Technology Description: The new Tool uses low frequency electromagnetic energy which travels through the wall of the pipeline as a sinusoidal wave. The pipe material acts as a waveguide for this signal which is detected by an array of electromagnetic sensors, which are positioned approximately 3 diameters away from the emitter where the direct, internal field has attenuated to near zero. The "time of flight" and "amplitude" of this signal are measured and compared to reference standards. Remaining wall thickness is computed from these measurements. The electronics, sensors, batteries and memory are housed within stainless steel pressure housings, joined together by flexible joints which allow the tool to negotiate bends. The Tool is positioned within the pipe by centralizers, and has a clearance approaching 2", allowing for the liner thickness plus some internal deposits. The technology is sensitive to wall-thickness changes caused by pitting, graphitization, cracking and erosion.

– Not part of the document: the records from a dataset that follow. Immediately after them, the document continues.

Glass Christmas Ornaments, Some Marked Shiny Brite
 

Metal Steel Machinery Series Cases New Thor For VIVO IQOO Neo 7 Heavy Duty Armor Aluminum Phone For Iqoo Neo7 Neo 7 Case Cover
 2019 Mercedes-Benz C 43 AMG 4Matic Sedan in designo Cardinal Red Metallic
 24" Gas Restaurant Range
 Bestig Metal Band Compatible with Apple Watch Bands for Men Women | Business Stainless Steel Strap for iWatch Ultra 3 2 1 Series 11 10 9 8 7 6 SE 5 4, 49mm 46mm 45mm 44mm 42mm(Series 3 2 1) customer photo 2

Case Study: Prior to the inspection, a length of pipe was removed by a civil contractor and reference defects were machined into it. These are necessary to create a "Calibration Standard" against which defect signals are compared and sized. The pipe section removed also had natural graphitized through-wall corrosion which was detected by the Tool during a baseline scan (i.e. before machining), and confirmed visually after encrustations and graphite was removed. After the calibration pipe had been manufactured the civil contractor cleaned the pipeline with one run of a foam cleaning pig, and then videotaped part of the pipeline with a remote CCTV system. The CCTV video showed roots growing through a crack in the line located in the tidal area near the east end of the line. Water was flowing into the line at this location. No other defects were observed.
The Civil contractor left a wire rope in the pipeline which was used to pull the PICA Tool through. Note: the PICA Tool is a self-contained, free-swimming Tool that can travel many miles through a pipeline system; however, since this pipeline was out of service, and large amounts of water would have been required to push the tool through with water, it made sense to winch the tool back and forth across the waterway.
The inspection took approximately two hours to winch the Tool across and back while data was gathered in both directions. The data was downloaded to a P.C. and the analysis process began. The following day a preliminary report was given to the customer which reported that the line had considerable wall loss in several discreet pipes, with corroded areas at both sides of the crossing in the tidal area and on shore. Included in this damage was a 6' long through wall crack that was spiraling down the pipe on the east end, in the tidal area where the roots had been seen by CCTV.
The heavier walled pipe in the middle of the channel had less corrosion damage. Subsequent to the inspection, an "excavate and confirm program" was initiated to provide correlation between the tool and the ground truth. This work is continuing at the time of writing; however, in other inspections, the correlation between actual location and depth of corrosion has been excellent.